Could you say how many lines in the entries contain the string "shirt"? Give only that number.

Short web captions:
--- --- ---
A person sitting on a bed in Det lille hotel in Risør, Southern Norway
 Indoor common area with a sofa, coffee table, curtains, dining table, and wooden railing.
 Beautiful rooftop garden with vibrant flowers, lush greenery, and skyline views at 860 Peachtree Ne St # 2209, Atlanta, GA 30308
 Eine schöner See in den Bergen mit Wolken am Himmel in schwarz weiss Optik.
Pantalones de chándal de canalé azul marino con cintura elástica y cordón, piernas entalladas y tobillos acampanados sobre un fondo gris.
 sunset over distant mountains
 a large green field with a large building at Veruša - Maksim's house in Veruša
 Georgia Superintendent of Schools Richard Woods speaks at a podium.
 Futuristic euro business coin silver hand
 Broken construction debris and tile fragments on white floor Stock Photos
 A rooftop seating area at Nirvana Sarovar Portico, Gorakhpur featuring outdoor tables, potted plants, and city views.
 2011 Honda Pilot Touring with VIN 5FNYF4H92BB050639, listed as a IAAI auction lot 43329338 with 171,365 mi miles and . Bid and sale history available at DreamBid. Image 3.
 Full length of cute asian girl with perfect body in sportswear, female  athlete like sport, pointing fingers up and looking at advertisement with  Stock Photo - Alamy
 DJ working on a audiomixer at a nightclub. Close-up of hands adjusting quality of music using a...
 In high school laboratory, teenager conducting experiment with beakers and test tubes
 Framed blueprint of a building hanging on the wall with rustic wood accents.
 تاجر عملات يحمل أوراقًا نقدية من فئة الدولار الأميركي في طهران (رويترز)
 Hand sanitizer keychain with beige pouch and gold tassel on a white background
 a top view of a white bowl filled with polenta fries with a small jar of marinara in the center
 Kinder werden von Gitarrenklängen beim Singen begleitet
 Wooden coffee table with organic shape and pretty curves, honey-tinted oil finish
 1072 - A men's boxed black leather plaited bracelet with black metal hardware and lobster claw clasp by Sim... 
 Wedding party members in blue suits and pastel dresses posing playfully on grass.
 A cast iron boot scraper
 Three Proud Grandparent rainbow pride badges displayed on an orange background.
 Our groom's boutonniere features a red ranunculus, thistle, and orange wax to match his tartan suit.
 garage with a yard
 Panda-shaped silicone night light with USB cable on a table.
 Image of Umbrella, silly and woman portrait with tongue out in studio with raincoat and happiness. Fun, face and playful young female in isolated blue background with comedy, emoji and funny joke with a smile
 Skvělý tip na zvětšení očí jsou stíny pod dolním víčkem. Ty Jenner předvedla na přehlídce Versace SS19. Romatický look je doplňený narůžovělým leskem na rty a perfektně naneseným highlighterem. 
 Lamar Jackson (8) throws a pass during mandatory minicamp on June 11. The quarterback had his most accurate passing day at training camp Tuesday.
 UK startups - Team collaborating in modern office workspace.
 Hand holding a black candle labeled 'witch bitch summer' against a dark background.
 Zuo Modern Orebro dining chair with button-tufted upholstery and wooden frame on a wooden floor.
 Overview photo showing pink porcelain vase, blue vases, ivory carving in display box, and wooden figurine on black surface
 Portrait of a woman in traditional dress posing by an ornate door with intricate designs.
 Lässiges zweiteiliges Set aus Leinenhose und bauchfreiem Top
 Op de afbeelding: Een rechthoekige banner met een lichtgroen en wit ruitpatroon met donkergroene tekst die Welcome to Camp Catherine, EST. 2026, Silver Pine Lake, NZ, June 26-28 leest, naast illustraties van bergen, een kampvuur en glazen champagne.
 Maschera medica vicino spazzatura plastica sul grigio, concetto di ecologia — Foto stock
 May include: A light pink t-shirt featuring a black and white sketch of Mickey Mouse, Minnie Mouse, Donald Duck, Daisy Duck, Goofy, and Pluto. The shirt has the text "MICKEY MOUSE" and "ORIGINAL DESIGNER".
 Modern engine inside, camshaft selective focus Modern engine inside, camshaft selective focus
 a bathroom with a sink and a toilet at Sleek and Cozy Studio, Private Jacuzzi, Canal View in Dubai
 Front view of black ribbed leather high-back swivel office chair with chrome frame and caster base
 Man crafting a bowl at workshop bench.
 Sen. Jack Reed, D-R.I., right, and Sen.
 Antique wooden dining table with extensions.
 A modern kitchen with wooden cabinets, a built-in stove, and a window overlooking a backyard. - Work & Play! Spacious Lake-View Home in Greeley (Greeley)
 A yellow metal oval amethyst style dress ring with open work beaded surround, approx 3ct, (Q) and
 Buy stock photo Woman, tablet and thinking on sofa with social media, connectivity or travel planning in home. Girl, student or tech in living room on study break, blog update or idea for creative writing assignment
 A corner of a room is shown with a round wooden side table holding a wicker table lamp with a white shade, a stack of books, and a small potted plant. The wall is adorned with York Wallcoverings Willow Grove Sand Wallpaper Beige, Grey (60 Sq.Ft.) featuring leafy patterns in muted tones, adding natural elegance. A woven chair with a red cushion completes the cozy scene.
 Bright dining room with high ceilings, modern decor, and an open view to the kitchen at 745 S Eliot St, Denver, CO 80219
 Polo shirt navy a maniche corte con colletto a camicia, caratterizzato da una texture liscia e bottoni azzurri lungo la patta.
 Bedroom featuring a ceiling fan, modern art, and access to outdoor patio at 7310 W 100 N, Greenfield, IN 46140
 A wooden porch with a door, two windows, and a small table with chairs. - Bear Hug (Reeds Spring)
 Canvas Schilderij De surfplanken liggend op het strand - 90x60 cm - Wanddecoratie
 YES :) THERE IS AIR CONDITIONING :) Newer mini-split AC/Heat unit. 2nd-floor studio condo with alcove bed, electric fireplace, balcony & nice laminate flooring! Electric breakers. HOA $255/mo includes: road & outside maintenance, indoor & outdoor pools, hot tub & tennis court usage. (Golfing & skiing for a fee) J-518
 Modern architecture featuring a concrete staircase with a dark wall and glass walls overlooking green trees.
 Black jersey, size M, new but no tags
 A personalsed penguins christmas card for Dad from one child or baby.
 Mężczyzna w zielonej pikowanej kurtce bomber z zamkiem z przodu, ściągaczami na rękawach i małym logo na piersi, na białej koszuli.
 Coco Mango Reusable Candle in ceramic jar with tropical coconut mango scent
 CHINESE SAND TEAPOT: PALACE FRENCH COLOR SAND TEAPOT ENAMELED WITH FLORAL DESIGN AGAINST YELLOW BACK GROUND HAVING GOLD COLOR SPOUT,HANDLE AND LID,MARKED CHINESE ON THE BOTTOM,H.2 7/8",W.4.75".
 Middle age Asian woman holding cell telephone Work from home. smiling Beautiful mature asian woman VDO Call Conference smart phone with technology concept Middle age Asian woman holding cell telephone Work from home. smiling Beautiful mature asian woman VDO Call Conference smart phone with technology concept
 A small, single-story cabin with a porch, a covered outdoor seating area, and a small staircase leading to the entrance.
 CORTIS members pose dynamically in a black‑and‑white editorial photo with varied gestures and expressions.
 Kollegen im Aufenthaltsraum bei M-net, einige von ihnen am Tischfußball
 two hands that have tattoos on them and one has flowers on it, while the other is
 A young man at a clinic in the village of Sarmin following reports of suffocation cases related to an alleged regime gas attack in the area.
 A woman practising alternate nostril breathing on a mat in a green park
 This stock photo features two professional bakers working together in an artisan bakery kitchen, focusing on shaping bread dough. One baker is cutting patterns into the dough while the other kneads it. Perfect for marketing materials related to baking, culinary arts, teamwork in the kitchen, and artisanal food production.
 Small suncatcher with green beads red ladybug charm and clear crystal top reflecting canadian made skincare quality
--- --- ---
_Solution to the problem_:
2